(Stored data)
<<<<
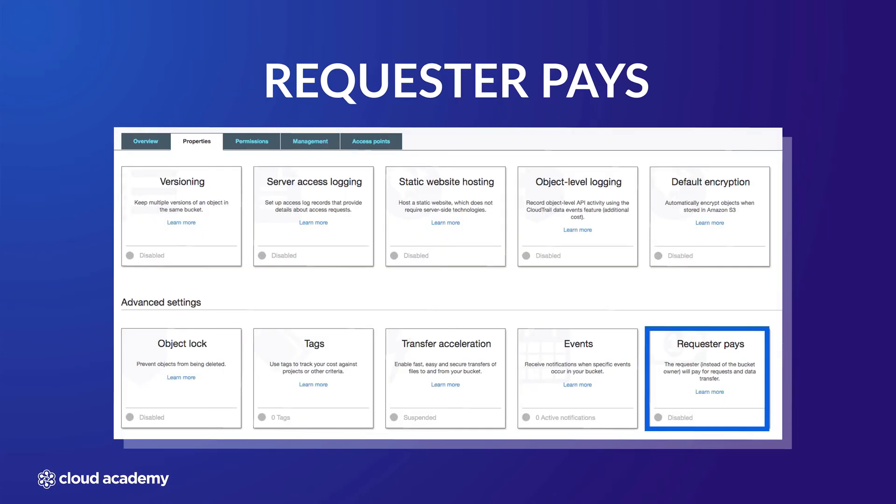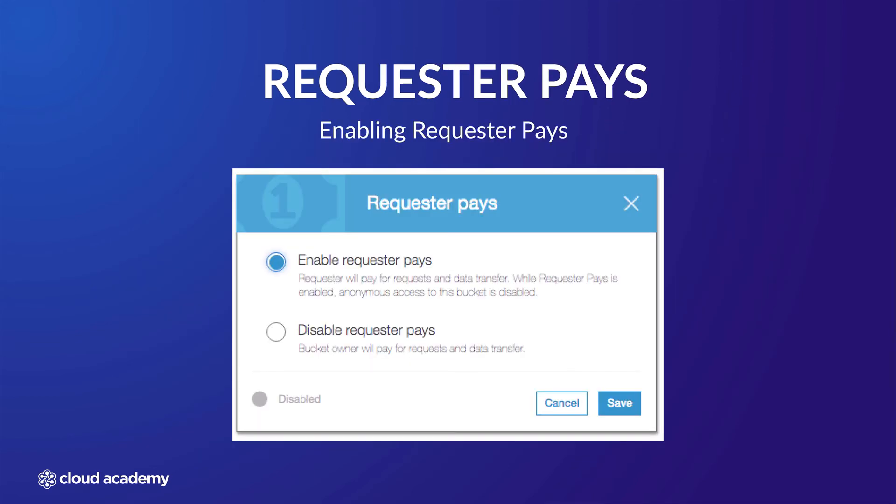To enable requester pays is very simple. Select the requester pays tile from the properties of the required bucket, and the options available are either to enable requester pays or disable requester pays. Once your decision has been made, select save.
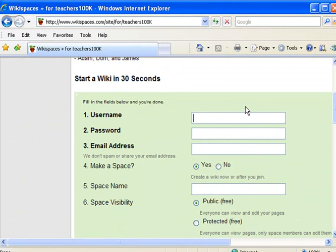So you want to create a username. You want this username to be unique, and enter your password and an email address.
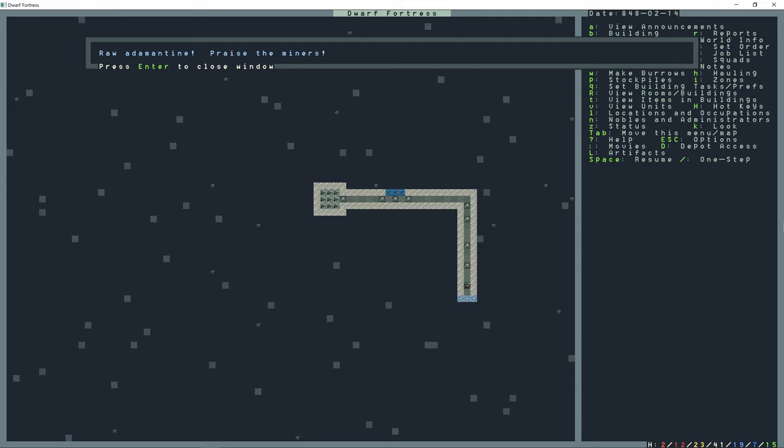Hello and welcome to Dwarf Fortress. I'm TwistedLogic and this video is about adamantine processing. Just as a warning, there's minor spoilers. If you enjoyed this video, hit the thumbs up, let me know what you think in the comments, and subscribe for more videos.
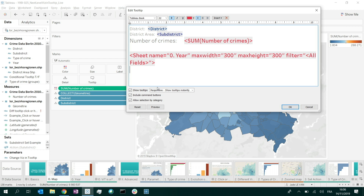The first parameter is the sheet name with a capital S — it's case sensitive and takes the name of the sheet as a value between quotation marks. The next two parameters are about size: max width and max height, with a default of 300. The final parameter is filter, which specifies what gets passed from the source sheet to the target sheet. By default, this is all fields, but you can change it — and we're going to see this.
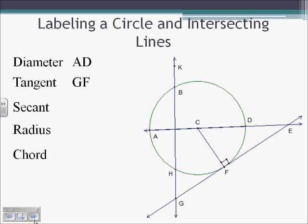What secant lines do we see? With secant lines, we're looking for chords and making sure that they continue on forever. So we have BH or BK, BG — the vertical secant line here. Or we could also have AD as a secant line. Radii: the first radius I see is CF. We also have CD and CA. And then chords — chords are segments that intersect the circle at two places. So we have BH and AD.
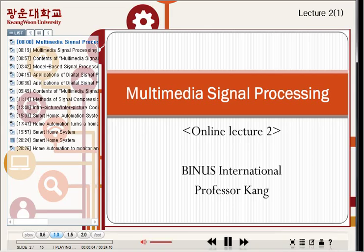So again, this is Professor Kang of Gwangwon University in Seoul, Korea. This time, I'd like to introduce Multimedia Signal Processing Online Lecture 2.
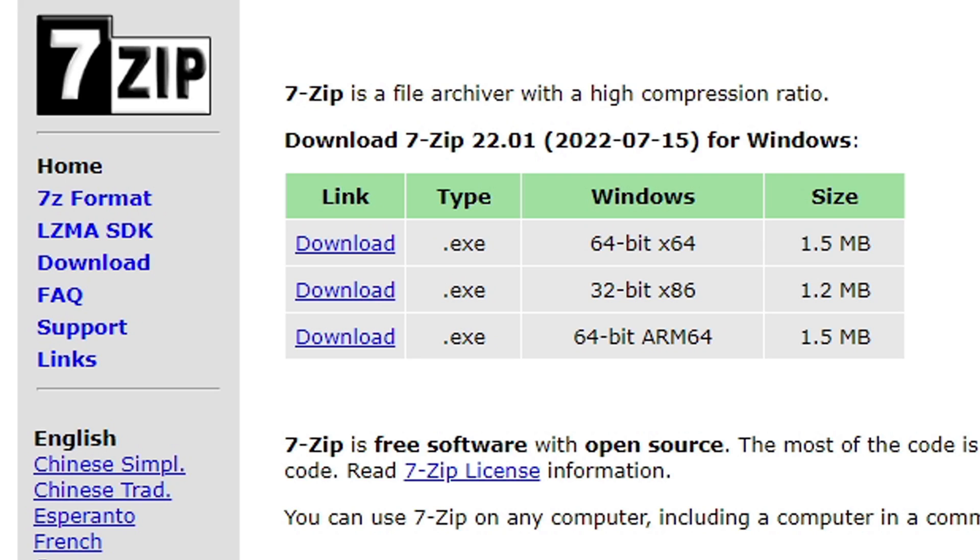Alright guys, the first thing you're going to need if you don't already have it installed on your PC is 7-Zip. We're going to use this program to extract the emulator. The link to download 7-Zip is in the description below.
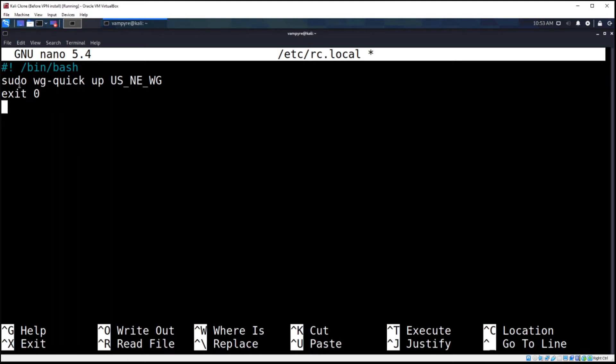So in this case, like I said, I want to turn on my VPN every single time I launch this virtual machine. I don't want to have to do it manually, I just want it to be up. Okay, so the command for that is sudo wg-quick up and then the name of my configuration file for WireGuard for my VPN service. So that's really it.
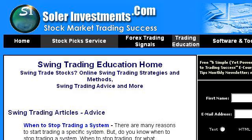You can also try www.solarinvestments.com, especially the page 'Swing Trading Education: Home Top Stock Picks Online.' Here's the link.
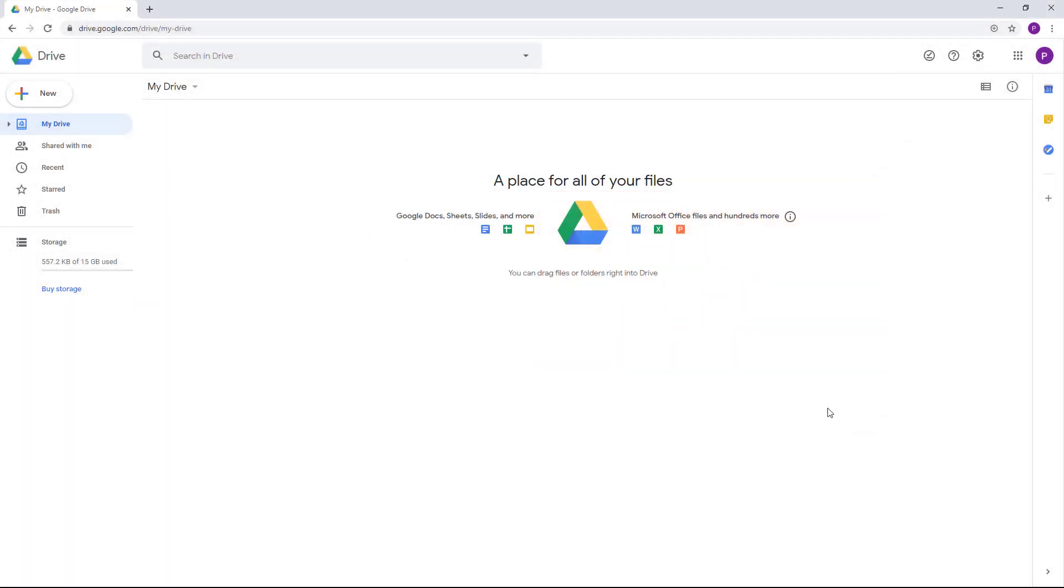Once you open up your Google Drive web page, you get onto this. Right now we don't have any files, so you see this 'a place for all your files'.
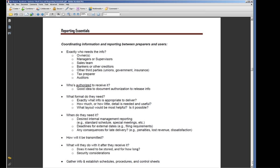Okay, let's get started. This has to do with coordinating information and reporting between preparers and users. This is something that often doesn't happen. We get focused on getting our entries in, understanding the structure and so on, but why are we doing all this?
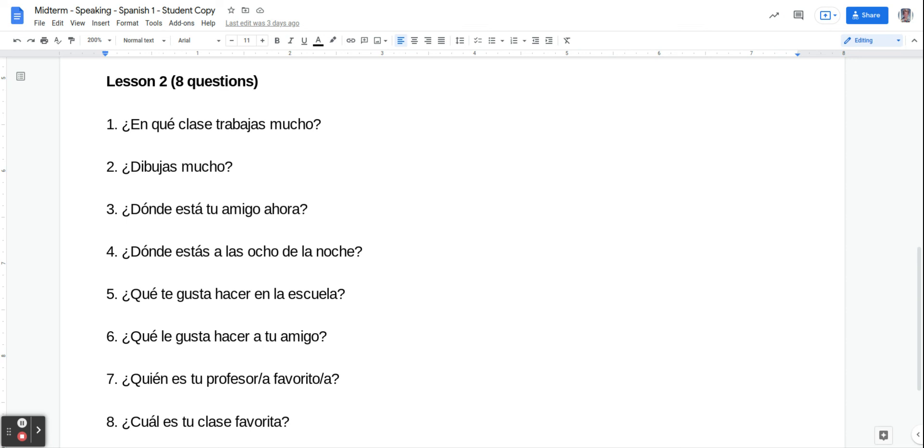Número dos, ¿Dibujas mucho? Do you draw a lot? So you could answer this a few different ways. If you want to say yes, I draw a lot, you'd say sí, yo dibujo mucho. If you want to say I don't draw a lot, no dibujo mucho. If you want to say I draw a little, you could say dibujo poco.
>>>>
DIRECTIONS —
No pictures should appear; only the lines from the first line of the records through the line with "So you want", both included, are to be restated word for word.

YOUR SOLUTION —
To enable requester pays is very simple. Select the requester pays tile from the properties of the required bucket, and the options available are either to enable requester pays or disable requester pays. Once your decision has been made, select save.
So you want to create a username. You want this username to be unique, and enter your password and an email address.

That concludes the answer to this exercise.